La leadership al momento non sembra essere in discussione in quanto all’interno del suo partito non c’è nessuna voce apertamente critica; Merkel è riuscita a circondarsi di persone affidabili anche se i retroscena parlano di mal di pancia nel partito e di esponenti che vorrebbero un passo indietro o un cambio di direzione, ma nessuno si propone pubblicamente come successore.
La Kanzlerin è isolata in Europa sulla politica di accoglienza ed è in costante calo nei sondaggi, tanto che una rilevazione dell’istituto tedesco Forsa indica la Cdu al 32%, sebbene con la maggioranza relativa, ben al di sotto del 41,5% conquistato nel 2013.
Angela Merkel non ha ancora deciso in merito alla sua ricandidatura e ha annunciato di farlo al congresso del partito che si terrà a dicembre ad Essen. Secondo molti analisti però in Germania non c’è al momento una personalità alternativa forte, in grado di competere con lei per la guida del governo ma qualche nome è già stato fatto: Ursula Von Der Leyen, ministro della difesa, Wolfgang Schäuble, ministro delle finanze noto per le sue posizioni oltranziste in Europa e, Horst Seehofer, leader della Csu, compagine bavarese del partito della Merkel, che secondo un sondaggio avrebbe il sostegno del 42% dei tedeschi.
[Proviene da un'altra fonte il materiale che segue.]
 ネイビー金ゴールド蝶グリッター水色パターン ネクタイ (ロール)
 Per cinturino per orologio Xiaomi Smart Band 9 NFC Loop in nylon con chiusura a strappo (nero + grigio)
Certo, in vista del 2017 Berlino potrebbe essere il laboratorio per una coalizione tutta a sinistra che vede Spd, Linke e Grühne pronti a governare, viste anche le critiche sulla politica dell’accoglienza e sul Ttip da parte di Sigmar Gabriel, leader socialdemocratico.
Ma il vero nemico di Merkel al momento sembra essere Afd, che, secondo un sondaggio del quotidiano Tagespiel, sarebbe il principale colpevole dalla fuga di voti dalla Cdu. I motivi del successo di Afd vanno ricercati nel gap di rappresentazione dei due principali partiti tedeschi. La Cdu, con la politica di Merkel, si è avvicinata sempre di più alla socialdemocrazia, spostandosi al centro e lasciando gli elettori di destra senza una casa.
Ma non è tutto, perché bisogna riconoscere che nelle ultime due tornate elettorali, anche i socialdemocratici hanno visto un notevole calo dei consensi e il leader è sotto attacco della minoranza sul Ceta, l’accordo di libero scambio tra Ue e Canada, nonostante ieri al congresso di Wolfsburg abbia ottenuto l’ok dal proprio partito.
Una seconda opzione potrebbe essere quella di un governo Cdu-Spd-Verdi eliminando l’ala critica, ovvero la Csu bavarese. È ancora presto per dirlo ed in ogni caso il Rosso-Rosso-Verde di Berlino potrebbe essere verosimilmente il punto di partenza per la prossima campagna elettorale.
Quello che però è più interessante notare è la crisi dei maggiori partiti, che vedono i propri consensi erosi da formazioni che potremmo definire più estreme o identitarie; è questo il caso di Die Linke e Afd.
Proprio la mappa dei voti di Berlino mostra l’emorragia di elettori nelle zone più povere della città, proprio come nella regione del Meclemburgo-Pomerania. Del resto sia il Land che la capitale hanno una disoccupazione sopra alla media e appartengono alla vecchia Germania Est, che stenta ancora ad eguagliare i grandi numeri dell’economia della parte Ovest.
Uno dei quartieri dove Afd ha riscosso maggiori consensi è proprio Marzahn-Hellersdorf, nella periferia orientale della città, dove gli abitanti hanno paura dell’aumento degli affitti e dove hanno avuto luogo proteste contro la costruzione di campi profughi.
Sembrerebbe quasi che i grandi partiti, presi dalla Germania “locomotiva d’Europa”, si siano dimenticati degli “ultimi” e abbiano giocato a far la voce grossa in Europa dimenticandosi dei problemi che hanno in patria.
Infine, c’è da constatare come questi risultati stiano indebolendo Angela Merkel in patria e, come questo si rifletterà in Europa, più che dal punto di vista economico da quello dell’accoglienza, anche se il discorso di ieri della kanzlerin sembra non mutare nulla.
Di sicuro, una cambio al governo nel 2017 con un esecutivo più orientato a sinistra potrebbe offrire dei nuovi panorami anche a Bruxelles, in primis sull’accordo con la Turchia, al quale Die Linke si oppone strenuamente, senza tralasciare le posizioni sul debito greco e sulla flessibilità per gli stati in maggiore difficoltà, si legga Italia.